As part of a conversation generate key words they will use to orally rehearse and then write. I’ve started including a key word for the introductory sentence and the closing sentence as well. The “conversation” aspect of this is important. I position the students as writers with a clear audience. With late-early stage readers and the book Beetles by Edona Eckart, the students and I generated the words many kinds, glow, wings, colorful, interesting. I started the conversation by saying, “If we were going to write about what we learned, how would we start? Then what would we say?” (I don’t say, “Let’s list five words we will use.”) When a student shares a sentence aloud (after I coach or scaffold as needed), then I say, “What’s a key word from that sentence that we can write down to help us remember what we want to write?”

The photo below is from the lesson with the book Beetles. Each of these words would be used in a sentence to compose a response to the prompt What did you learn about beetles in this book?

With a transitional stage group reading The Future of Flight by Anna Harris (part of McGraw-Hill’s Wonders), the students had done a close reading of the two pages about the myCopters (small flying vehicles). The prompt for writing was “In a letter, convince someone in your family to buy a myCopter instead of a new car.” Our key words – included believe for an introductory sentence and please for a closing sentence.
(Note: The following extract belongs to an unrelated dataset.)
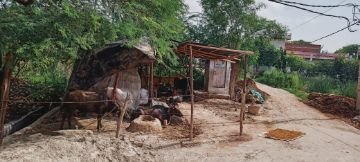 कानपुर नगर25जुलाई24*सरकारी तालाब की जमीन पर किया गया कब्जा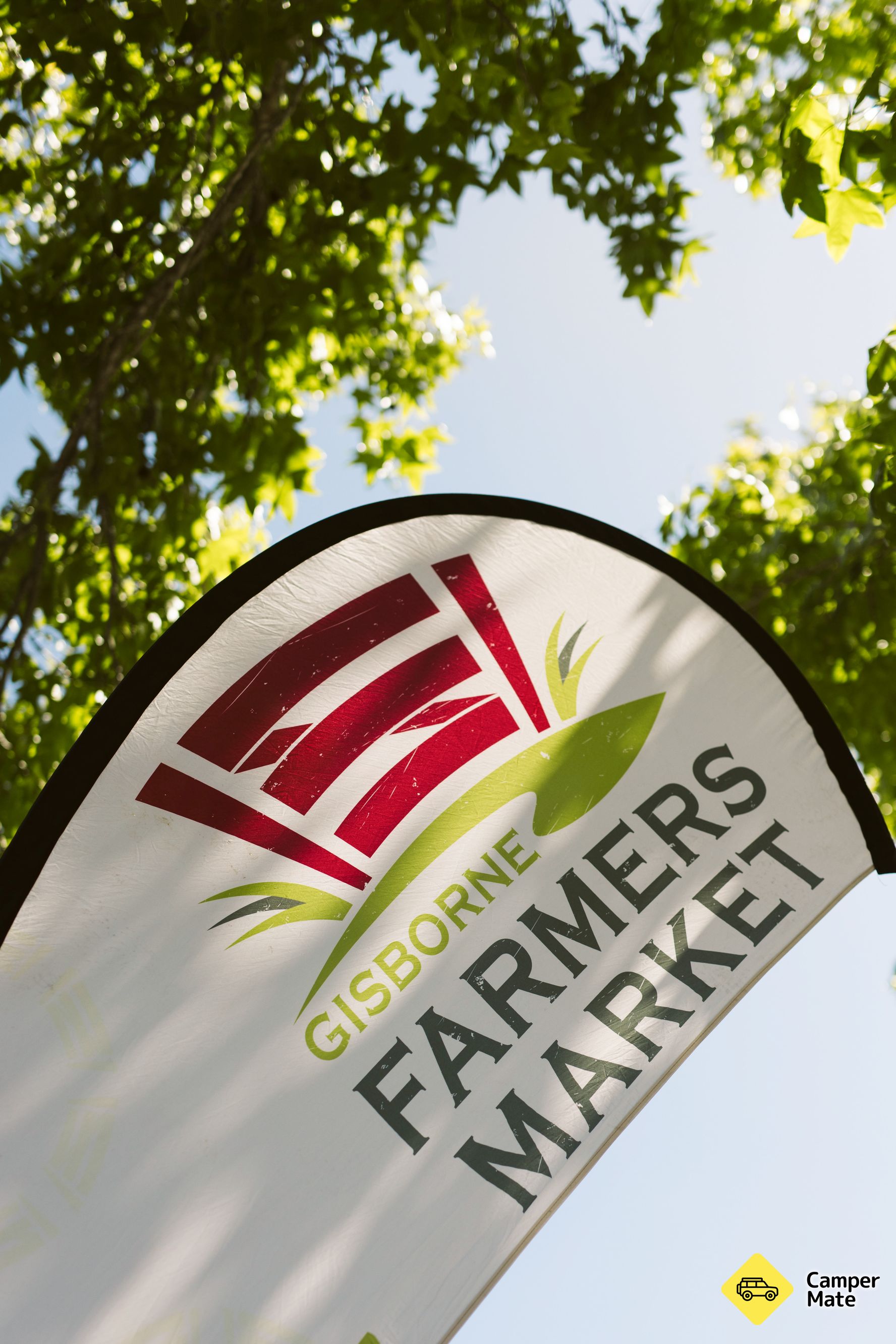 Gisborne Farmers Market - Image 2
I started the conversation by saying, “If you are going to convince someone to buy a myCopter instead of a car, what do you want to say first?”
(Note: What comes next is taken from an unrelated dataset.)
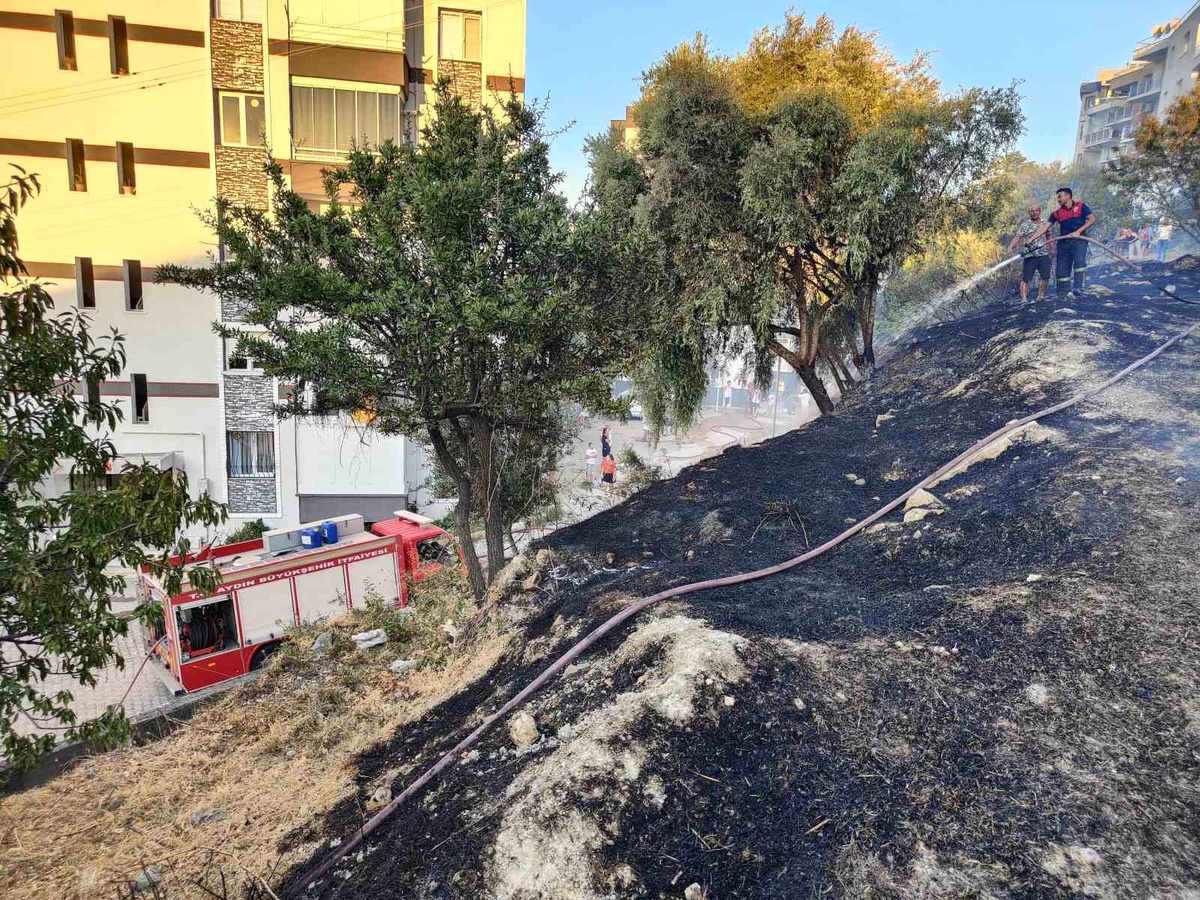 Kuşadası\'nda Ağaçlık ve Çalılık Alanında Yangın Çıktı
Then model for the students how you might use each key word to compose as sentence and draw them into orally rehearsing. So I said to the students, “Listen to me as I use these words to help me practice what I will write. I’m going to use the first word…There are many kinds of beetles. Who can compose a sentence with our second key word?”

As students practice using the key words, gently push them to use correct syntax or sentence structure. You might say, “That was tricky. Did that sound right? Let’s think about how we can make that sound right.” I had a student write “The weedy sea dragon has features that help it survive from predators.” I talked with him about how the sea dragon’s features help it avoid or escape predators and then together we revised his sentence aloud until he had the hang of it.
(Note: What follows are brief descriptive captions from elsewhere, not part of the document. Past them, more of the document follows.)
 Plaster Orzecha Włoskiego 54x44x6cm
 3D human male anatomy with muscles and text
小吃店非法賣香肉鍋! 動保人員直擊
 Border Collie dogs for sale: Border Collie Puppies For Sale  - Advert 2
Ask them to practice with a partner. Students can alternate – composing sentences with every other word.

Encourage them to elaborate further (aloud) if they are ready. One student reading Beetles wanted to add details in the sentence with the key word “colorful” about the different colors of beetles. I told her “Go for it!” The key words are just triggers for remembering what they learned so if they can compose a more complex sentence or add additional sentences – yes! This also encourages students to make the writing their own and not just copy what other students are saying or writing.

With some students, after we rehearse, I ask for a thumbs up when they know what they are going to write for their first sentence. I ask each student to rehearse aloud and then I give them the “go” to start writing. Sometimes they will simply say what the student said before them – that’s okay. The writing becomes more their own the further they get in to it and the more frequently we engage them in doing this kind of guided writing, the risks they will take.

This works best in small groups. The lessons here were done as part of guided writing – which takes place after 1-2 guided reading lessons (20 minutes each) focused on reading and learning from the book.

If I’m working with a whole class, I use this approach to writing during individual conferences. I ask the student to tell me what they are going to write next. If they need me to, I jot down a few key words on a sticky note–from what they said.  Then, if I feel like they need additional kind of support,  I say, “How can we put this in a sentence? Let’s try this aloud.”

Hope this helps.

Sunday

 

Do they really get what the main idea means?

Can your students explain what their main idea statement means? Is a superficial understanding or misunderstanding of the main idea impacting their ability to identify or explain supporting details?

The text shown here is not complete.